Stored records

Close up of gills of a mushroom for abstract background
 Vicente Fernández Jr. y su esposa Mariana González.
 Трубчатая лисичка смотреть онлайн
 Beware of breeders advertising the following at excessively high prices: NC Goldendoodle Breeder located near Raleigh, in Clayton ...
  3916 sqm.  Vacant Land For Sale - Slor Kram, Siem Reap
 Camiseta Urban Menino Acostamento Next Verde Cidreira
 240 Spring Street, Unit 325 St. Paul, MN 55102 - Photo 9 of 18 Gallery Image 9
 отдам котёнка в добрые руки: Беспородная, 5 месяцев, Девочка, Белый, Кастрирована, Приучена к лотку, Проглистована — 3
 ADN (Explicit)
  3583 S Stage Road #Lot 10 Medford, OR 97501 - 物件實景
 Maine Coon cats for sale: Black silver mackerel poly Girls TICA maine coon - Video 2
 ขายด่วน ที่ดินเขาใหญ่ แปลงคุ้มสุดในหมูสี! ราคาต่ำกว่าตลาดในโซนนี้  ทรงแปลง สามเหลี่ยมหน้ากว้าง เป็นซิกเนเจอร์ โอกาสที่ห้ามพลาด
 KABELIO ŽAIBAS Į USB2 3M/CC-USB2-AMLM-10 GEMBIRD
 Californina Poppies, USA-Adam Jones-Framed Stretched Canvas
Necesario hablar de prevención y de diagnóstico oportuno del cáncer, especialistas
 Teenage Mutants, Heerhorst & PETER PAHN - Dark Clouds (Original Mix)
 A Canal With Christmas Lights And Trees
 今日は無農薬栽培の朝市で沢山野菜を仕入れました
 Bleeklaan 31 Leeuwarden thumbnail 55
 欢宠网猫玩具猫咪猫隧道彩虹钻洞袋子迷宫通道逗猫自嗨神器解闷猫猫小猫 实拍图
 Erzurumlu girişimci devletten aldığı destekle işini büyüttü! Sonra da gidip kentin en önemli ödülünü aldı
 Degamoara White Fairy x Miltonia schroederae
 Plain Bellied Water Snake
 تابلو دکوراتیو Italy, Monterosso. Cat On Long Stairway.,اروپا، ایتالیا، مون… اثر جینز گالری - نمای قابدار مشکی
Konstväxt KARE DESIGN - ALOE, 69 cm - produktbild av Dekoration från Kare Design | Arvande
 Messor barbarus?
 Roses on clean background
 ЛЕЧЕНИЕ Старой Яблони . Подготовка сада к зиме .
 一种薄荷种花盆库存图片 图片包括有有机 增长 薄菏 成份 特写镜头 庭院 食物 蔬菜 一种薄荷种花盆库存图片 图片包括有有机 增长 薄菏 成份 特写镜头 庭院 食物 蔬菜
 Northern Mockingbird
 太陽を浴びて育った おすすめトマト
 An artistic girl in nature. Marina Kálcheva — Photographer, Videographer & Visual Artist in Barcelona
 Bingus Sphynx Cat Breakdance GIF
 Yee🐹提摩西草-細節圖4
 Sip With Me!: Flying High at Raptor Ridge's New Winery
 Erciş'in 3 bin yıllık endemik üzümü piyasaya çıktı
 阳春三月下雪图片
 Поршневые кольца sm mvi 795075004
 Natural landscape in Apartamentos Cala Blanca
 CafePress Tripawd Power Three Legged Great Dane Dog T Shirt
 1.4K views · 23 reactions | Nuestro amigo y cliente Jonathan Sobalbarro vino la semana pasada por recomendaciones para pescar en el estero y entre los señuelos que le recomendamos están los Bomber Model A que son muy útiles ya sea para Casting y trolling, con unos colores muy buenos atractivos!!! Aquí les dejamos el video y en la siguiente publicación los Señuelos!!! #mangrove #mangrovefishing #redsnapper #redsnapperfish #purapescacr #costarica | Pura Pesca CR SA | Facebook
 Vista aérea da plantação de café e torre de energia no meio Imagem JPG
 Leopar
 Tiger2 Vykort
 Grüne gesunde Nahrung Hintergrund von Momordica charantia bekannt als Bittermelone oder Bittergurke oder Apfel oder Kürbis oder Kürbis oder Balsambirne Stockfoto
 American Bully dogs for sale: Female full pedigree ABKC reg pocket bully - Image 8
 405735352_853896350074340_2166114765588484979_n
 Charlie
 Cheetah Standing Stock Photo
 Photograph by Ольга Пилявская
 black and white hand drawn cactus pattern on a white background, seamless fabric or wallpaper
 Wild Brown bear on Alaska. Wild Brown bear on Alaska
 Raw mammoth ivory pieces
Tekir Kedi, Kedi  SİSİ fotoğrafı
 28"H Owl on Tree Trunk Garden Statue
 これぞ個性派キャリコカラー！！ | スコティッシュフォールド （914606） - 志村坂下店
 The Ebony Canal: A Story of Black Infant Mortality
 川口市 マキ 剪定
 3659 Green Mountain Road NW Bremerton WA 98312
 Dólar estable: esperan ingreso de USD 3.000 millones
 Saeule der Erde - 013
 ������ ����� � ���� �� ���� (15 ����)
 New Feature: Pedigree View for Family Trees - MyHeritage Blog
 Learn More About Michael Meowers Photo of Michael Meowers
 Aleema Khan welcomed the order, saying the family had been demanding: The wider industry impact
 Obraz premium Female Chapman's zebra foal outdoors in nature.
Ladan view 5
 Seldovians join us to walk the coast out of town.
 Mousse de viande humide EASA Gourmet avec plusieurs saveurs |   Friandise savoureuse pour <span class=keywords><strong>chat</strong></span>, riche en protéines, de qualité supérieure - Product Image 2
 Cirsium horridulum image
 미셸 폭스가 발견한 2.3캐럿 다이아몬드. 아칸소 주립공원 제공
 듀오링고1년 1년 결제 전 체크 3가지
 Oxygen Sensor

[Instructions to follow]:
With the line that has "ขายด่วน ที่ดินเขาใหญ่ แปลงคุ้มสุดในหมูสี!" as the first and the line that has "今日は無農薬栽培の朝市で沢山野菜を仕入れました" as the last, repeat exactly that run of lines above and no more.

[Task solution]:
 ขายด่วน ที่ดินเขาใหญ่ แปลงคุ้มสุดในหมูสี! ราคาต่ำกว่าตลาดในโซนนี้  ทรงแปลง สามเหลี่ยมหน้ากว้าง เป็นซิกเนเจอร์ โอกาสที่ห้ามพลาด
 KABELIO ŽAIBAS Į USB2 3M/CC-USB2-AMLM-10 GEMBIRD
 Californina Poppies, USA-Adam Jones-Framed Stretched Canvas
Necesario hablar de prevención y de diagnóstico oportuno del cáncer, especialistas
 Teenage Mutants, Heerhorst & PETER PAHN - Dark Clouds (Original Mix)
 A Canal With Christmas Lights And Trees
 今日は無農薬栽培の朝市で沢山野菜を仕入れました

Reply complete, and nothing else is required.